■ Source data:
▬▬▬▬▬▬▬▬▬▬

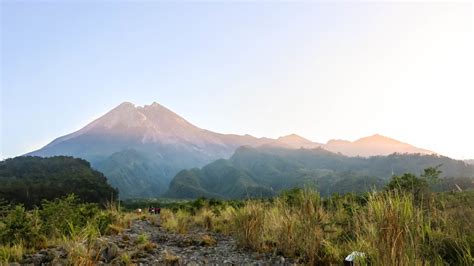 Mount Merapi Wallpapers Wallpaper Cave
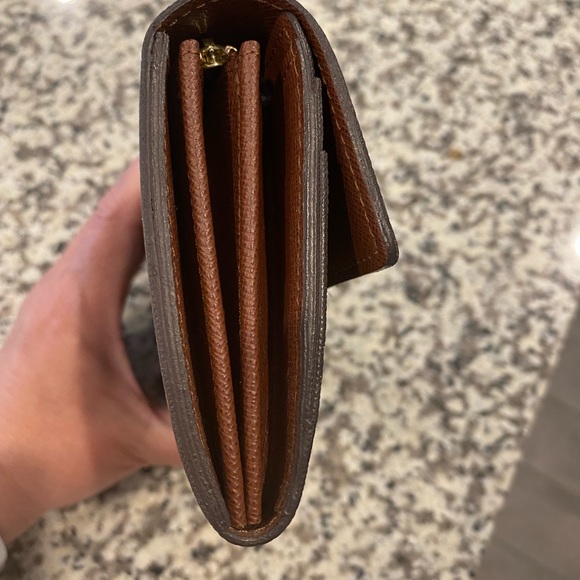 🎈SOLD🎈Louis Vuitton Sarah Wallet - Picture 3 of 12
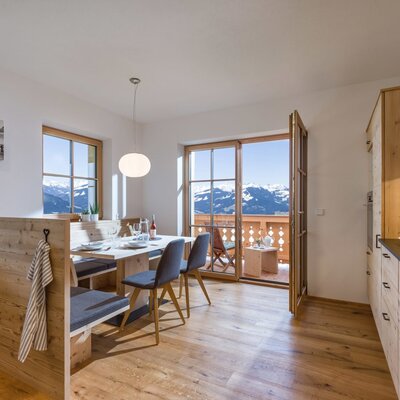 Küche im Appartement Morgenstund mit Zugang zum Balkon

▬▬▬▬▬▬▬▬▬▬

■ Task item:
The full listing, transcribed exactly and without its pictures, is the expected result.

■ Solved problem:
 Mount Merapi Wallpapers Wallpaper Cave
 🎈SOLD🎈Louis Vuitton Sarah Wallet - Picture 3 of 12
 Küche im Appartement Morgenstund mit Zugang zum Balkon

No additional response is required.